11 Reasons Why Showering Is The Best Part Of The Day (Minus the GIFs)
It’s a great excuse to play with bubbles. It can invigorate you. It’s the perfect opportunity to sing your heart out. Or unwind with the warm, steamy water. You can wear a mask. Crank the water up and grab some body wash to combat a hot, muggy day. You can reflect on your deepest thoughts. The feeling of a warm bathrobe is absolutely glorious. And a blast of cold water at the end can be totally refreshing.
18 Reasons Mushrooms Are a Garbage Food (Minus the GIFs)
Mushrooms are empirically disgusting. They are the worm-iest of foods.
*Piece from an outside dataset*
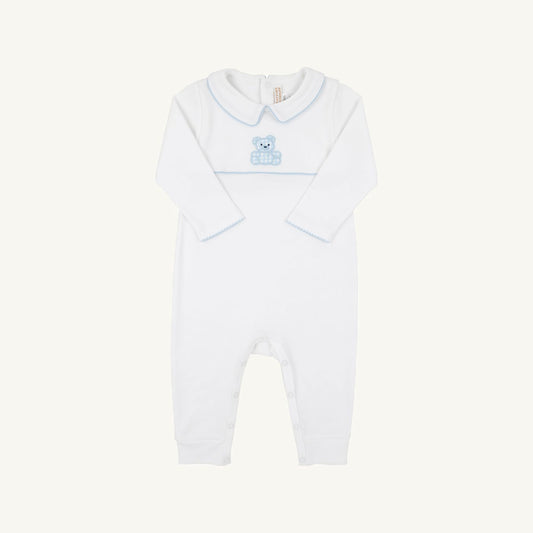 Robbins Romper- Blue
Worms or mushrooms?? YOU CAN’T EVEN TELL. Mushrooms are literally fungus. Did you know that the FDA legally allows 19 maggots and 74 mites in every 3.5-ounce can of mushrooms!! Mushrooms taste like nothing unless you coat them in oils and spices. They are slimy weird bulb food!!! Mushrooms are the surprise ruiner of many a pasta. Some of them LOOK LIKE BRAINS. Mushrooms look like garbage thrown on a pizza. They’re weird and puffy and scary. Everyone thinks vegetarians want a portobello mushroom sandwich or burger. Mushrooms are a poor and creepy excuse for a meat substitute. AHHH IS IT TOUCHING ME? I FEEL LIKE IT’S TOUCHING ME. Mushrooms make a very unpleasantly coloured soup. THIS IS AN UNHOLY UNION OF LIFE (ZUCCHINI) AND CRUEL, SENSELESS DEATH (MUSHROOM CARCASSES). Does this sound at all appetizing??? A mushroom once told me it hated puppies AND Beyoncé. Thanks for nothing, mushrooms. You are not a fun guy.